HTTP/2 Server Push Diary

#webperf #showdev #webdev

TL;DR Commons Host now implements an HTTP/2 Server Push Diary to solve the over push problem.

The server push diary is a Cuckoo Filter that tracks any assets which were pushed previously by the server on each connection. Subsequent attempts to push the same resource are checked against the diary and skipped by the server to avoid redundant data transfer.

Here is an example website with two pages sharing the same image and stylesheet dependencies.

A user (👨🏻‍💻) first visits one page and then another. The server (🤖) uses a Cuckoo Filter (🐦) as server push diary to prevent over-push.

Cuckoo Filters

The diary uses a Cuckoo Filter: An extremely space efficient and high performance data structure that makes it possible to track thousands of individually pushed resources, say an entire node_modules folder or set of database records.

The diary is a probabilistic data structure. Data stored can not be retrieved in its original form. Instead the diary can answer whether the same data was previously stored. This is a convenient test when the cost of a repeated operation (e.g. network transfer) far exceeds the cost of the filter (i.e. tiny amount of RAM and CPU).

The server can tune the probability of false negatives. The optimal values are a matter of speculation, so I'd like to see how far people decide to push (pun so intended) this feature. Currently the diary is set to a size of ~1000 entries at ~12 bits per record. This allows for hundreds of pushed resources with very few false negatives.

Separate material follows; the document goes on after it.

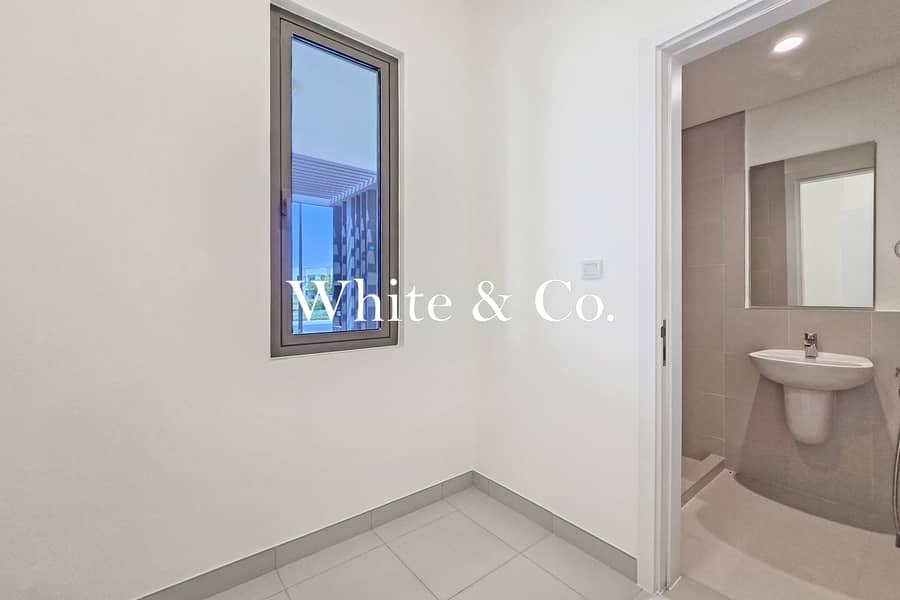 Single Row | 4bed + Maid | Property Expert - Image 18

If this concept sounds familiar, you may have heard of Bloom Filters. The Cuckoo Filter offers efficiency improvements and most importantly allows removal of items. This is useful in the web context when cached items expire and become stale. A high performance implementation of the 2014 Cuckoo Filter research paper exists and has been ported to Node.js by Matteo Collina as cuckoofilter-native.

What About Cache Digests?

The Cache Digest HTTP/2 extension specification appears to be on hold, as far as I can tell.

Commons Host always supported Cache Digests using the Cache-Digest header or cookie. Browsers could send a Bloom or Cuckoo Filter representing their cache to the server. The server used this as a diary to avoid over-pushing. Sadly browser developers have yet to implement native support. Experimental implementations using Service Workers and the Cache API are technically viable but come with a fair set of developer considerations that have so far not proven popular.

Hopefully diaries, being automatically enabled and requiring zero developer effort, can help prove the merit of Server Push and Cache Digests. I believe they are elegant ideas, with solvable problems. We may yet see their success.